**Exercise objective**
From the line containing "7833 Linksview Circle, Westerville, OH" through the last line of the records below, output every line exactly as it appears, but leave out the pictures.

**Records supplied**
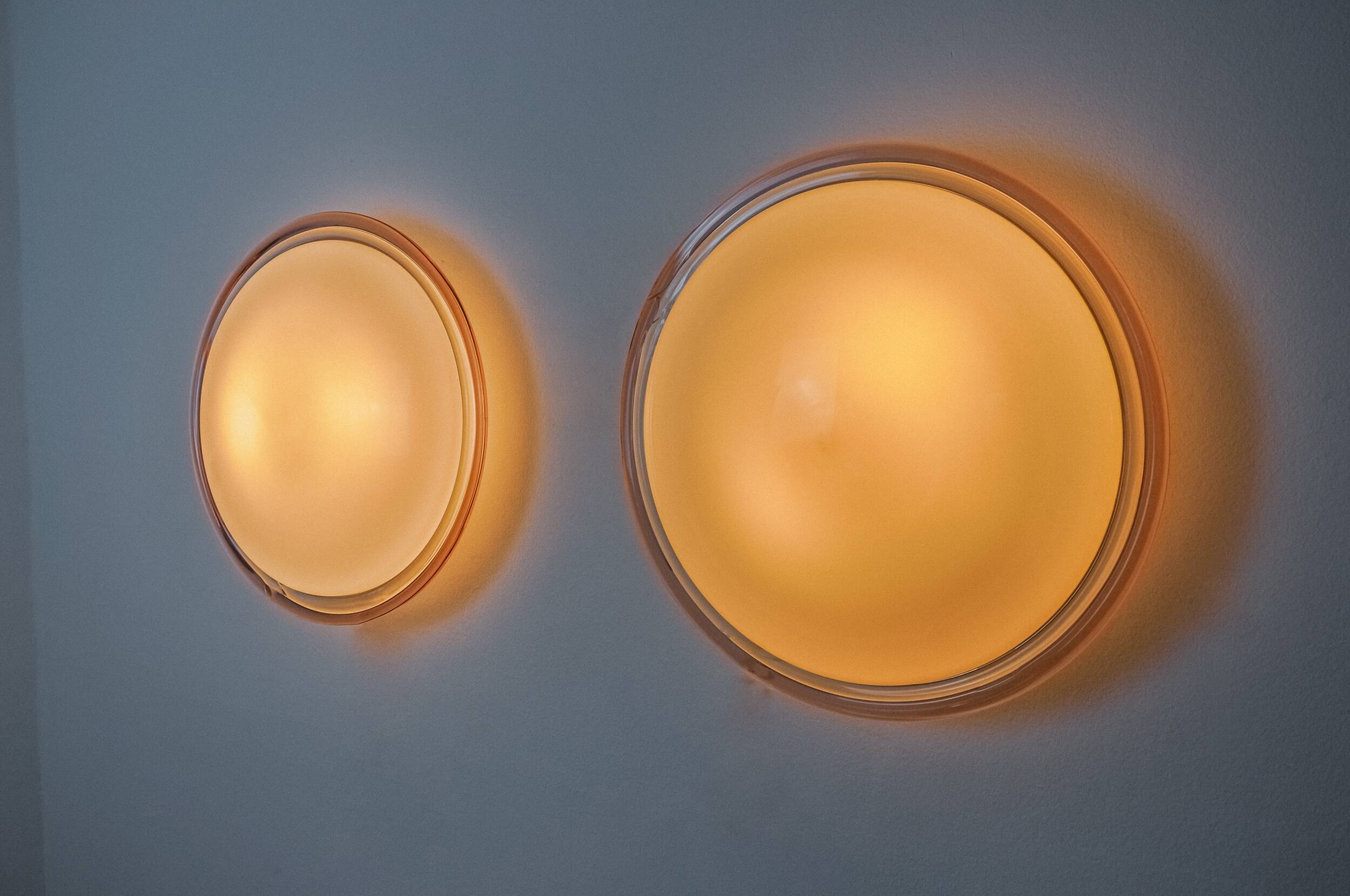 Pair of XL Murano glass "Ronda" wall lights by Leucos, Italy, 1970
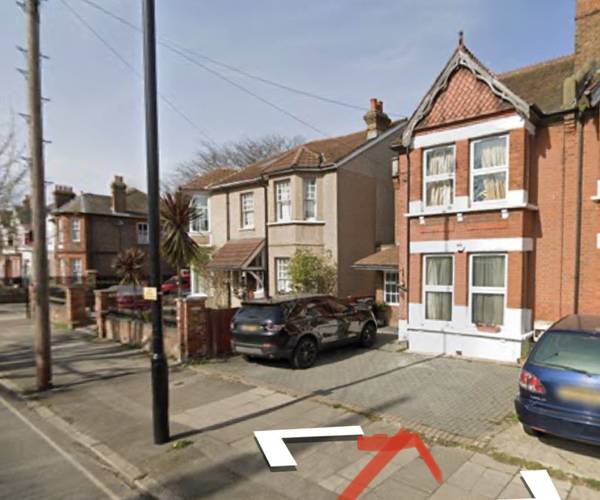 Hanworth Road, TW13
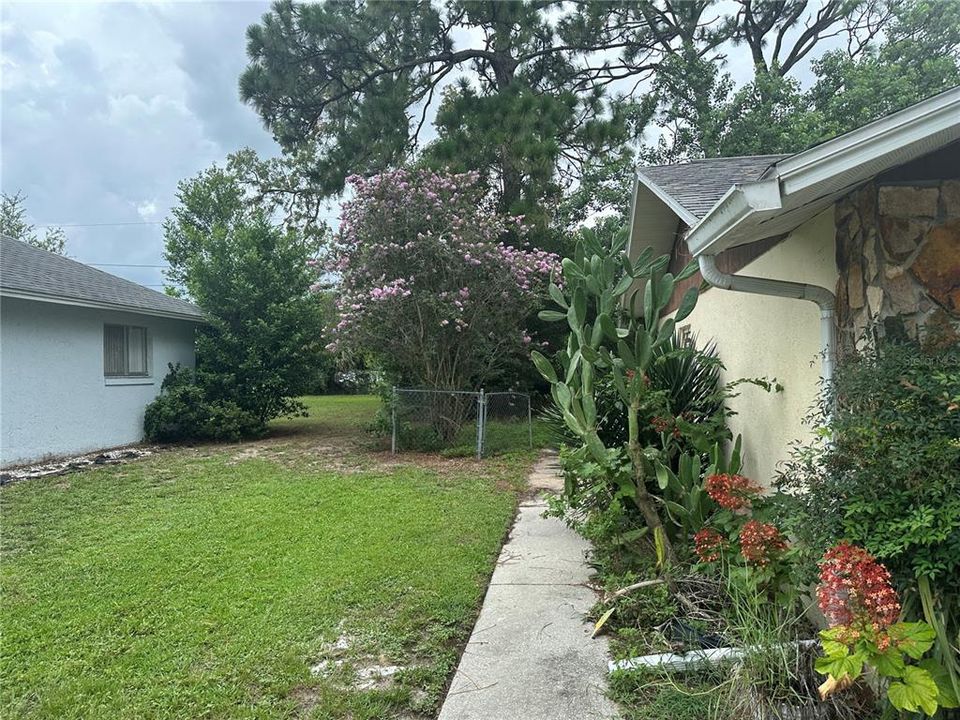 For Rent: $1,299 (2 beds, 1 baths, 816 Square Feet)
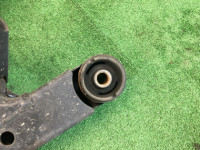 Travessa traseira SUBARU LANCASTER OEM 20152AE000 BHE BH9 BH5 BE5 BE9 BEE 1999 EJ254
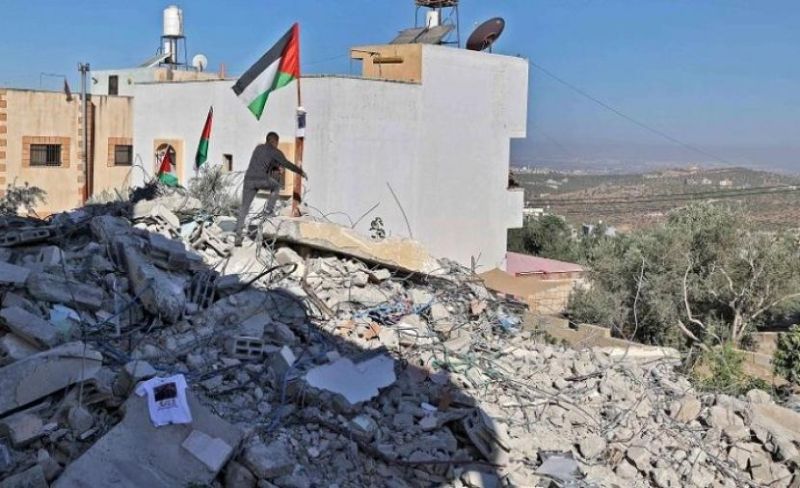 قوات الاحتلال تجبر 3 مواطنين على هدم منازلهم في بيت جالا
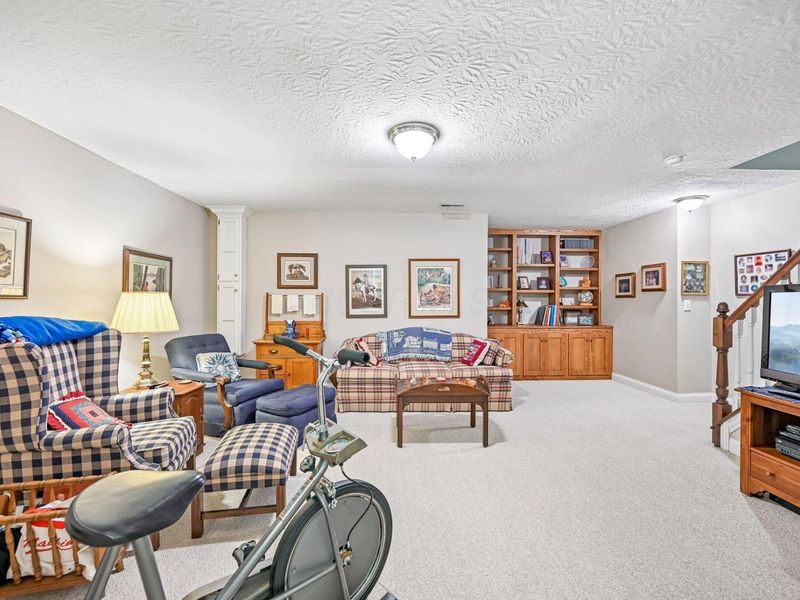 7833 Linksview Circle, Westerville, OH 43082 Photo 34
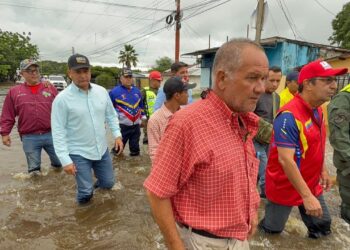 Gobierno atiende afectaciones en Puerto Nutria a consecuencia de las lluvias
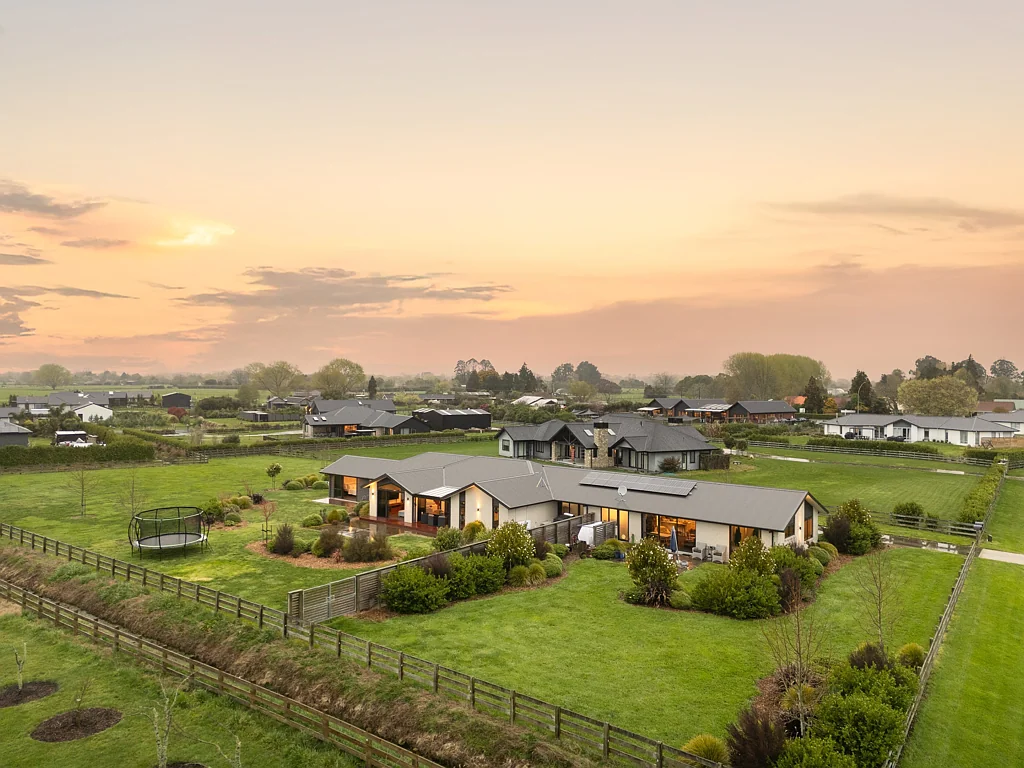 Te Kowhai  Prime Lifestyle + Multi Generational flexibility!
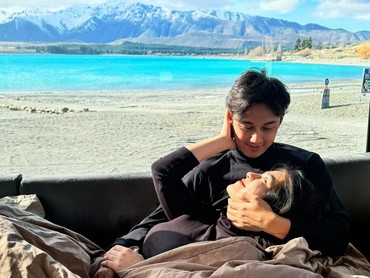 img-title Tak Pernah Alami Baby Blues, Felicya Angelista Sebut Hito Ikut Susui Anak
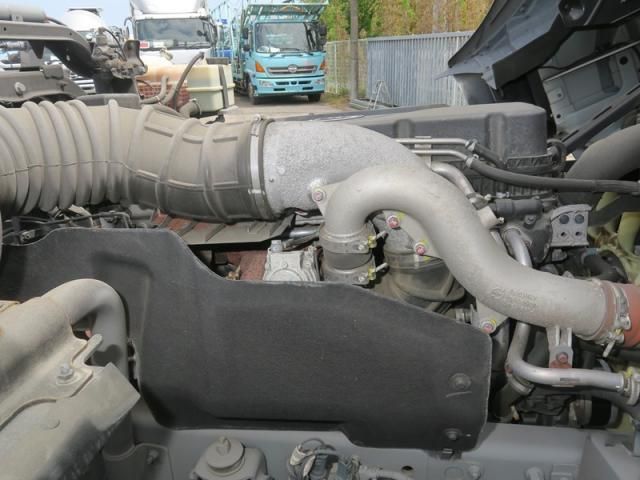 Ref No.A15366433 NISSAN DIESEL QUON Image#19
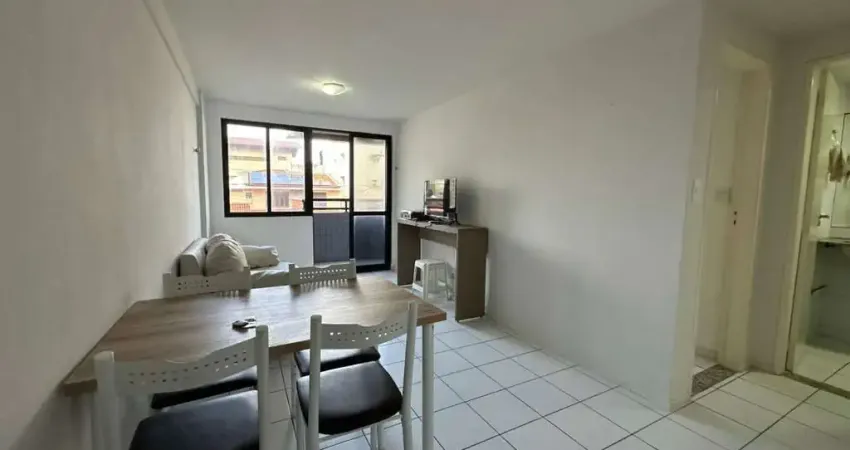 Quarto e Sala Mobiliado no Bairro de Cruz das Almas - 64m²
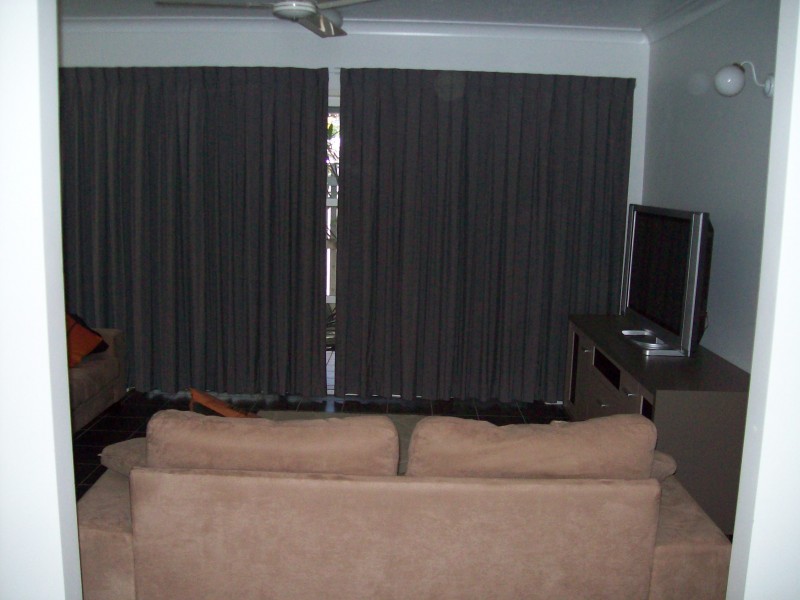 4/8 Regent Street, Hyde Park QLD 4812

**Task output**
 7833 Linksview Circle, Westerville, OH 43082 Photo 34
 Gobierno atiende afectaciones en Puerto Nutria a consecuencia de las lluvias
 Te Kowhai  Prime Lifestyle + Multi Generational flexibility!
 img-title Tak Pernah Alami Baby Blues, Felicya Angelista Sebut Hito Ikut Susui Anak
 Ref No.A15366433 NISSAN DIESEL QUON Image#19
 Quarto e Sala Mobiliado no Bairro de Cruz das Almas - 64m²
 4/8 Regent Street, Hyde Park QLD 4812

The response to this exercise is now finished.